In America we have some people who put on a front of seriousness, people like Paul Ryan who want to balance the budget and will do so by any means necessary (except raising taxes, because those have to go down further).  As they explain it, we need to be pragmatic, to deal with some short term pain, because it will make us better off in the long run.  They may turn to the doctor analogy (I have not yet seen them use it, but it seems like a great misleading analogy) to prove this.  They're wrong on many levels, such as using analogy as a substitute for logic, exceptionally bad math (they use imaginary numbers in entirely the wrong context), and heartlessness.

Heartlessness?  How can that be bad if they're the unsympathetic pragmatist?  Let's go with the doctor analogy, but try to spruce it up a bit.  First off, give the patient a gun and if it hurts to much, he shoots the doctor, himself, or someone else in line of sight.  Oh hey, Greek austerity riots, a surge in crime, and some members of Parliament who would make me nervous if Greece was as awesome as Germany.  Also if they patient suffers too much pain he dies (which literally happens when your budget-balancing involves cutting food assistance, heating, and healthcare).  Furthermore, the patient may suffer serious, possibly permanent damage if the procedure is done wrong (underfed and undereducated children aren't typically superstars in anything).  If the patient thinks the doctor is doing it wrong he can fire the doctor and get a new one, assuming the transition doesn't kill him as well, and assuming the first doctor doesn't get to hang around blocking the other doctor from working while whispering lies in the ears of the patient.  I'm referencing the Republican Party, if you didn't pick that up.  In America.  Not to be confused with the political parties in other countries which tend to be little more than coalitions of unprincipled demagogues selling their influence to the highest bidder with no regard for the safety of their supposed constituents, whilst not speaking English.

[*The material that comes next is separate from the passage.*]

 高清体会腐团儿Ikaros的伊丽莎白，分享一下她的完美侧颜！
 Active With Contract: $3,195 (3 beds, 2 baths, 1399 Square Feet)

My point is that "unsympathetic pragmatism" is not actually pragmatic if the unsympathetic part dominates too much.  The problem arises when people get the notion that the key part is "unsympathetic" rather than "pragmatism", and as a result, they focus entirely on not caring about the harm they do to others, justifying it all with some vague mention of the improving/saving the world part.  The goal should be the goal, not the method.  Alas, being an unsympathetic sociopath is branded as "courageous" rather than "useless heartlessness."  We only need to look at the American War Against Paying Taxes for the War That Just Saved Us (also known as the American Revolution or Tea Party), in which the unsympathetic pragmatist of a king wisely chose to impose the necessary taxes to pay for the war and military might to enforce them, without taking into account the sentiments of the people, such as representation and not having unrelated soldiers sleeping in their beds.  Imagine if the colonies had gained representation in Parliament and didn't have Redcoats looting their larders.  I suspect the British Empire would have been better off under the "sympathetic pragmatist" approach.  Though the downside cannot be emphasized enough: We'd all be speaking English English.

2 comments:

Feliz said...

"coalitions of unprincipled demagogues selling their influence to the highest bidder", "whilst not speaking English"

You put that detractor in to keep people from commenting on the core of your article. I understand you study politics and would assume you know better how the political system in other countries works. Pick any Western European one and show me how it's worse than a corrupt two party system.

Klepsacovic said...

The "whilst not speaking English" part is an intentionally trivial differentiation.